A longtime U.S. Senator who is a longtime friend of the School of Public and Environmental Affairs is set to give the keynote address at SPEA’s Capitol Hill Colloquium.
Sen. Richard Lugar (R.-Indiana) will deliver remarks focusing on the future even as his days as a powerful lawmaker count down. Lugar was first elected in 1976 and is the longest serving member of Congress in Indiana history and the Senate’s most senior Republican. He was defeated in the Republican primary and will leave office at the end of his current term.
The Colloquium in Washington on October 16th will bring together about 200 people including political leaders and prospective students along with SPEA administrators, alumni and staff.

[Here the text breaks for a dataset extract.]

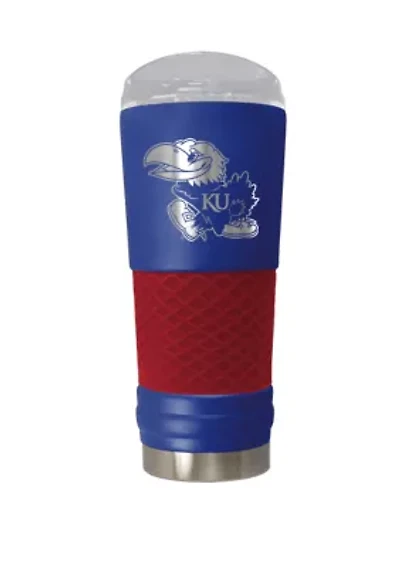 NCAA Kansas Jawhawks 24 Ounce Team Color Draft Tumbler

Among the participants will be students in SPEA’s highly regarded Washington Leadership Program. The event in the Caucus Room of the Russell Senate Office Building comes as SPEA celebrates the 40th anniversary of its founding in 1972. SPEA’s founding dean, Charles Bonser, will introduce Lugar and host the event. The two have shared a podium before. Lugar delivered the inaugural Charles F. Bonser Lecture in Public Policy at Indiana University in February of 1999. Dean Emeritus Bonser and his wife Nancy endowed that lecture series.
The Colloquium has become one of the traditional highlights of the year for SPEA’s large DC-based alumni group. This is Lugar’s second appearance as keynote speaker. Previous speakers include the Honorable Lee Hamilton, former EPA Administrator Christie Todd Whitman and Eileen Claussen, president of the Pew Center on Climate Change.

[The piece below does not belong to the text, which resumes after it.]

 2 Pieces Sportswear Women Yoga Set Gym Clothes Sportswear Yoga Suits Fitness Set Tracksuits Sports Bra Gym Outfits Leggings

"The Capitol Hill Colloquium is a special opportunity for SPEA to reconnect with alumni and friends in the Washington area," said Jenna Civitello, SPEA Assistant Director of Alumni Relations and Development. “We’re especially looking forward to hearing from Sen. Lugar as he brings a remarkable career to a close and looks forward both to his future after the Senate and the future of the nation.”
Lugar is perhaps best known as a leader in reducing the threat of nuclear, chemical and biological weapons. “In 1991, he forged a bipartisan partnership with then-Senate Armed Services Chairman, Sam Nunn (D-Ga.), to destroy these weapons of mass destruction in the former Soviet Union. To date, the Nunn-Lugar program has deactivated more than 7,500 nuclear warheads that were once aimed at the United States,” according to his Senate biography. Lugar marked the 20-year anniversary of that program in a talk at SPEA in November, 2011.